For some inexplicable reason, husband and wife decide to divorce. This condition can be very painful for everyone. In such a situation, if both the spouses are taxpayers, the situation becomes more worrying.
There is no minimum age for reimbursement of child education allowance in respect of the children enrolled in the nursery. However, a minimum age of 5 years has fix for physically handicapped or especially handicapped children, children with handicapped receiving non-formal or vocational education. However, as of February 21, 2012 (Notification- O.M. No.12011 / 07 (ii) / 2011-Est. (AL) dated-21.02.2012).The minimum age for children with disabilities has reduced to 5years. Therefore, there is no minimum age for which compensation is claimed for a child, regardless of whether the child is disabled or not.
In the event that a taxpayer spouse decides to take custody of their child after the divorce, the taxpayer who has physical custody of the child may claim the tax credit of his / her child in the income tax return.
Generally, only one person can claim the head of household filing status, Child Tax Credit / Credit for Other Dependents, Dependent Care Credit / Exclusion for Dependent Care Benefits, Dependent Care Credit / Exclusion for Eligible Child. Dependent care for benefits and tax credit.
There is a special rule for parents or guardians who have been divorced or separated for the last 6 months of the calendar year. If the requirements of the special rule are satisfied, the child is considered as a child eligible for non-custodial parent for child tax credit/credit purposes for other dependents, whereas the custodial parent can claim dependent care credit and tax credit.

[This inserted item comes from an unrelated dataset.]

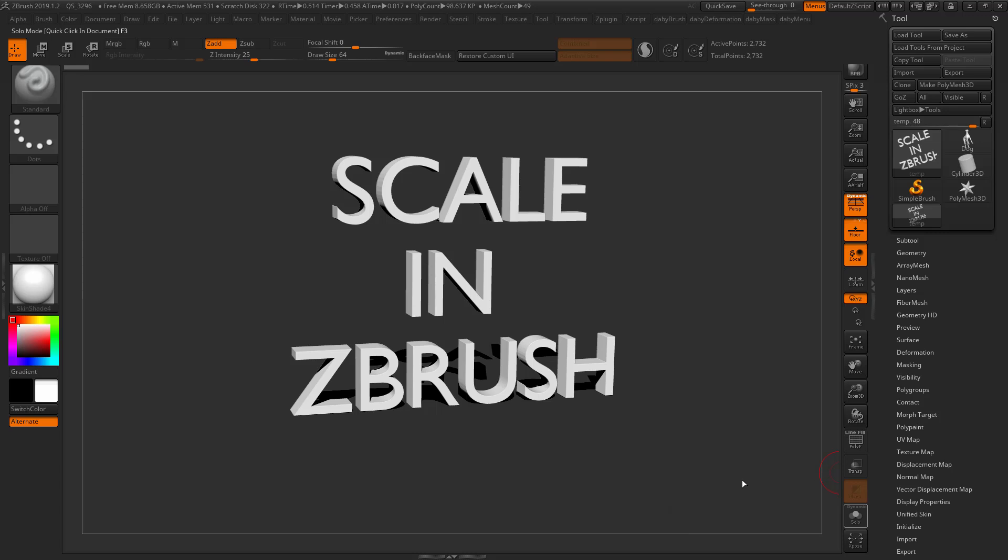Hello, my name is Daniel Bysted. In this tutorial, I will talk about scale in ZBrush when importing and exporting, issues that can arise, and how to solve them.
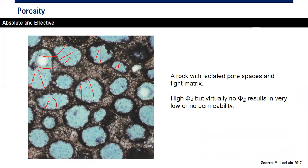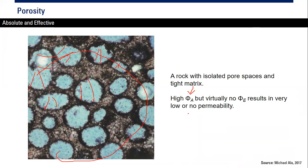Here you can see many pore spaces, so in terms of absolute porosity the number is large. However, there is virtually no effective porosity because the pores are not connected — there is no connection between each pore space. This results in very low or no permeability.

Parents can claim an alternate tax credit each year only if they change the pattern of who has physical custody of the child each year. To become a taxpayer-eligible child for a tax credit, the child must pass a residency test. The special rule does not apply to tax credits for parents who are divorced or separated during the last 6 months of the calendar year or parents who are always separated.
The wife can claim a tax credit only if she files a joint return with her husband and they meet all other eligibility requirements. Her permissible filing positions are jointly married filing or separately married filing. She is not eligible for a tax credit if she chooses to file separately
The issue of a tax credit of the child should also fix when the taxpayer couple decides to divorce. Doing so will prevent any future disputes over the tax credit.
If the issue of a child's tax credit is left unresolved. Give your family lawyer information and papers on how your family lawyer can help you get your child's tax credit.